La existencia se nos da como punto de partida, una coordenada biológica en el mapa del tiempo. Respirar, consumir, producir, desplazarse... son actos que el mundo confunde con la vida, pero apenas son sus sombras mecánicas. Vivir, en cambio, implica una tensión interior: la conciencia de estar entre lo que podría ser y lo que se resigna a ser.
Muchos existen porque temen vivir. Se aferran a la seguridad de los hábitos, al murmullo colectivo que les dice qué desear, qué admirar, qué evitar. Viven en la superficie de los días, como hojas arrastradas por la corriente. Su identidad no nace de sí mismos, sino del eco de los demás. No se preguntan hacia dónde van, porque su brújula está dictada por el ruido del mundo.
Vivir de verdad exige ruptura: interrumpir el automatismo de lo dado, sentir el vértigo de lo incierto, aceptar la belleza y el dolor que conlleva elegir. El que vive no repite; transforma. No acumula experiencias, sino que las atraviesa hasta que dejan una huella. No busca placeres, sino sentido.

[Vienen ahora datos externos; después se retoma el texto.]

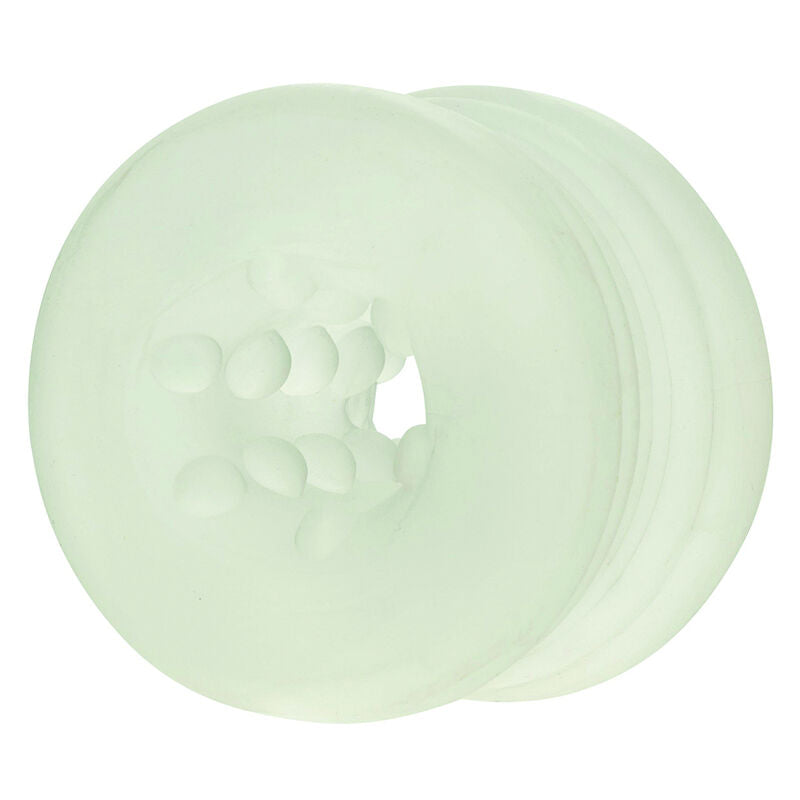 CALEXOTICS - BOUNDLESS ANILLO TOPE Y ESTIMULATOR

Tal vez por eso tan pocos viven: porque hacerlo implica morir a la comodidad, a la indiferencia, al miedo a ser distintos. Requiere mirar la vida de frente, con su fragilidad y su grandeza, y comprender que cada instante es un límite: puede diluirse en la costumbre o encenderse en conciencia.
Quien vive de verdad no teme perder, porque ha entendido que solo se pierde lo que nunca se ha habitado.